While IETF QUIC provides its own crypto layer based on TLS 1.3, we won't
really need this encryption. Instead, we will layer QUIC inside of Tor's
layered onion encryption, with an ntor handshake to each hop in the
path.
# QUIC Deployment Considerations
Past the above high-level decision of how to use QUIC, a handful of
deployment considerations remain.
## Implementation
As mentioned previously, there are a growing number of QUIC
implementations out there, in several languages, with varying degrees of
IETF compatibility:
https://github.com/quicwg/base-drafts/wiki/Implementations
For our purposes, the most interesting ones are ngtcp2 (native C
implementation, BoringSSL, MIT licensed), picoquic (C, MIT license), and
mozquic (C++ with C bindings, NSS, MPL licensed). The QUIC in Chromium
is not IETF compliant, and is C++ with no C bindings. Sadly Rust
implementations of QUIC are not complete. Google does also maintain a Go
QUIC, which is complete. This suggests that experimental designs using
one of the golang Tor implementations might be worthwhile.
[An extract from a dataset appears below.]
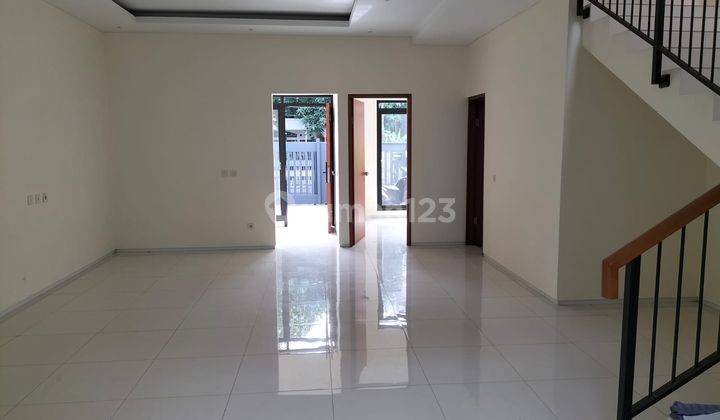 Rumah Baru 2 Lantai Minimalis Modern di Jl.Reog Bandung 2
I'm told that the IETF hopes to finalize the QUIC standard within the
year.
## Framing
QUIC actually differentiates between connection-level packet sizes and
frame sizes. If we want to preserve Tor's wire behavior, we will want to
enforce a one-frame-per-packet policy from our QUIC library, and use
QUIC's padding frames to make packet sizes uniform.
## Upgrade Path
The upgrade path to QUIC will require some thorough thinking -- if all
relays on a path don't yet support datagram links, should we embed QUIC
inside an opaque RELAY cell type, or should wait for a flag day to
switch over once sufficient relays have upgraded? Embedding QUIC in
opaque RELAY cells seems like the natural choice, but will require
additional engineering considerations.
Additionally, a small and declining percentage of networks currently
block all UDP other than DNS. At last measurement, the rate of QUIC
failure was below 5%. However, like Google, we will likely want to
retain the ability to fall back to TLS over TCP for these situations.
## Signaling
Because we need to transition to unreliable relay links to get the most
out of QUIC, we will need to figure out how to handle circuit setup --
there is currently no mechanism to ensure reliability for onionskins in
Tor, since this is provided by TLS today. The simplest solution is to
retain TLS between relays to transmit circuit extend cells out-of-band.
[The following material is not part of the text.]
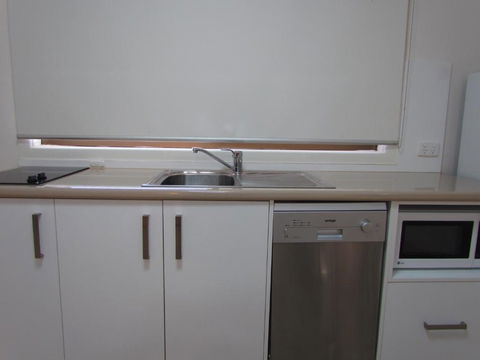 Augathella Motel & Caravan Park - Tourism Hervey Bay 2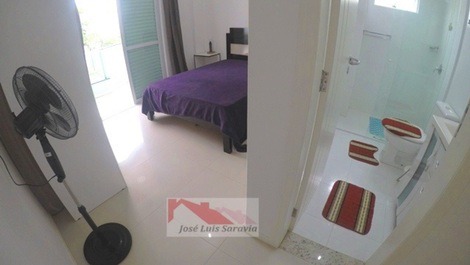 Amplio piso con vistas al mar, en pleno centro de Bombas!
Padding could be used to obscure timing information of this signaling.
The alternative would be to implement some onionskin-level acking
between relays, so that the datagram transport could be used for all
traffic. However, since our deployment path will likely involve
migration from TCP anyway, and since a small (and shrinking) percentage
of networks simply block all non-DNS traffic, we will likely want to
retain TCP connections for some time, making out-of-band signaling a
natural first choice.
## Native UDP Support
Unfortunately, during the standardization process, the IETF QUIC decided
to drop support for unreliable datagram streams inside the QUIC
connection, to simplify the layering of their implementation. However,
because we will still need to layer QUIC inside of an onion layer, we
can use that layer to carry either QUIC or UDP (at the expense of an
additional field to differentiate this).
# QUIC Research Questions
A couple areas of open research into how QUIC will behave in a Tor
deployment remain. It is my belief that while these areas are worth
further study, they do not represent blockers to QUIC, as a naive
deployment of QUIC will substantially outperform our current (lack of)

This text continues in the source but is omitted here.